Saturday, July 28, 2012

Weather report

Looking back at the last weeks, the most striking observation is: Now that the unicorn is gone, the summer has returned. Yeah!!!
Seriously. The day the horn was gone, the sun had returned. But was that really the the case or just false perception? So let's take a look at the data. We grabbed some  freemeteo.com weather data from the 2009 on and extracted as much information possible.
For visualization, we choose 3 key figures:
  1. Sunhours per day
  2. maximum Temperature
  3. rainfall per day
Compared to the 2009-2011 mean values, we had 41.5% less sunhours and 150% times the rainfall. The temperature was on average 3K colder. That looks quite impressive, but as always statistics lie!

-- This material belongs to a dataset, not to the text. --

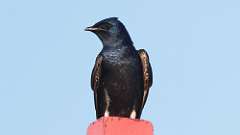 2: Purple Martin 0C3_2914
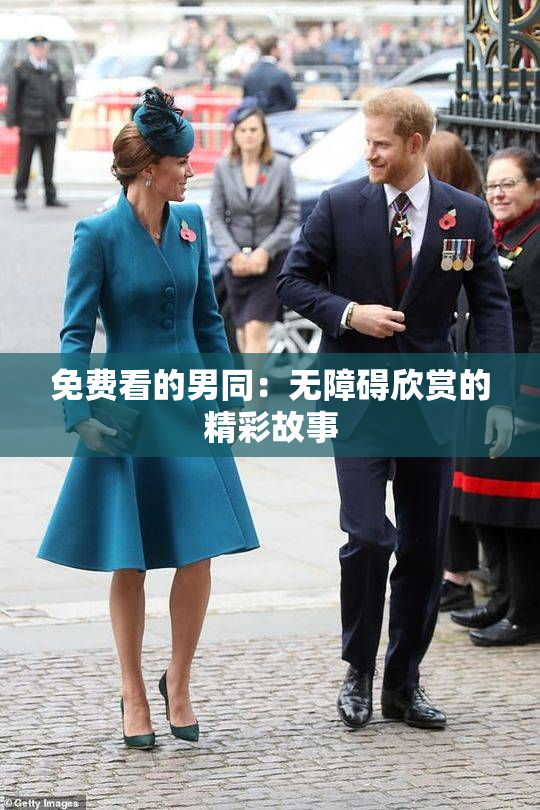 免费看的男同：无障碍欣赏的精彩故事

The dotted line shows the 3 years mean value for the last three years. Shaded area above marks the maximum value for those years, the darker area below the mean-line are minimum value for the period.As we only have three years worth of data, that measure is more conclusive than a plain standard deviation. Big percentage denotes the difference of 2012's period compared to 2009-2011.
Red and Green bars denote the difference of 2012's value to the 3 years mean. Green is better, red is worse, so lot's of red strengthens our point.

Sunhours

Three year mean is 12±4.5h (theoretical cap is ~15h, cause the sun doesn't shine longer) so standard deviation is not the best description, as the distribution is definitely not standard normal.
Low values, near zero (less than 2h) direct sun occur four times over the period which is as often as in the 2009-2011 timeframe, thus ~3 times more often than expected. In addition 9 values are below the 3years minimum and only 3 above the mean.
Before the horn was up, the days were pretty normal (within the 3 years hull, near the mean), but after unicorniversity sunhours skyrocketed well above the mean and mostly outside the 3 years maximum values. 

Temperature

Maximum temperature of the day is lower than the mean for the whole month but the effect before and after unicorniversity are virtually nonexistent.  This might be the case, as temperature is somewhat dependent on the other effects and has a certain delay, as heating up and cooling down the surface takes some time. We call secondary effect.

Rainfall

Apart from the total amount of rain, lets look at the number of rainy days. The 3 year mean shows us, that apart from two days, for every day in the July 4 - July 19 period (approximately 2 weeks or half of the month), there was one year, with no rainfall for that day. Compared to that every day (but one) period in 2012, it's quite striking. So let's have a look at the individual years:
2009: 12 rainy days, 2010: 5 days, 2010: 10 days, on average 9±3 days, which means 15 days for 2012 is well outside the 1-sigma range. In addition, the DWD reports 9.9 rainy days for the whole month (average from '71 to 2000). 15 rainy days in half the time is definitely worse.
Looking at the distribution of rain-amount (it's not mm/m^2 but an arbitrary scale), 7 days are even above the 3 year's maximum amount for the respective day and only one is below the day's mean. Without further quantification that's pretty wet.
After we removed the horn: No more rain for a stable 5 days minimum. With constant raining before, this is quite strong.

Conclusion

Unicorns lead to rain, but even more: Removing them get's the summer back! Next time we try to collect more data, to prove this conjecture. Scientific work. First day of unicorniversity, which had pretty good weather, better than the 3years mean for that day, is regarded as adaption time. The asymmetry towards the end has to be studied further, but with a lot more sun and zero rain from July 20 on, the absence of the unicorn is obvious.
A working model, understanding this miraculous link, could be based on the connection between unicorns and rainbows. We might get into that later.